5 comments

  • geerlingguy 19 minutes ago
    Every week, I get another email asking if I'd review some random AI box from a random company—I don't know if this Pocket Lab was offered for review at some point, but it sounds very similar to others:

      - Commodity Arm SoC (or sometimes N100 or N150 x86)
      - 8/16/32 GB of LPDDR5x RAM
      - 'NPU' (usually unspecified) with ambiguous 'TOPS' number (like 20, 40, 80)
    
    Usually specifics aren't provided, and TOPS is never defined in a technically useful way.
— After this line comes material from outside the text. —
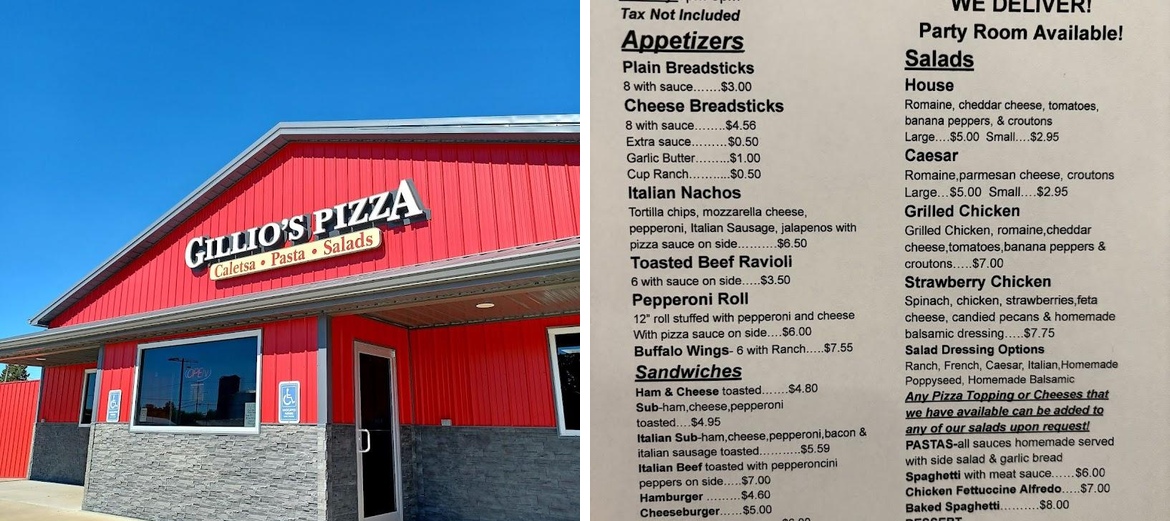 Gillio's Pizza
The few times it is, are from more established companies (e.g. Asus or Raspberry Pi integrating a well-known NPU chip into one of their products).

    It's worse at this point than the peak of the crypto boom, when I was getting emails touting the next chain-of-proof software, or ledger-this/ledger-that. Now that there are a few actual use cases for this hardware, it requires more nuance to separate the wheat from the chaff.

    And for me, I spend weeks, typically, with any hardware I _do_ review, running as many models and test runs as I can (and documenting everything on GitHub, in depth, with scripts so other people can verify). Most reviewers (like those with publications named in this post) either don't have the time, or sadly, the understanding, to test these devices in a meaningful way.

    Therefore, random blog posts (which are getting harder and harder to find, amidst the AI-laden first 2-4 pages of DuckDuckGo and Google results) are the best source of information. Or sometimes a post on Mastodon, which is never easy to find since search isn't a thing there.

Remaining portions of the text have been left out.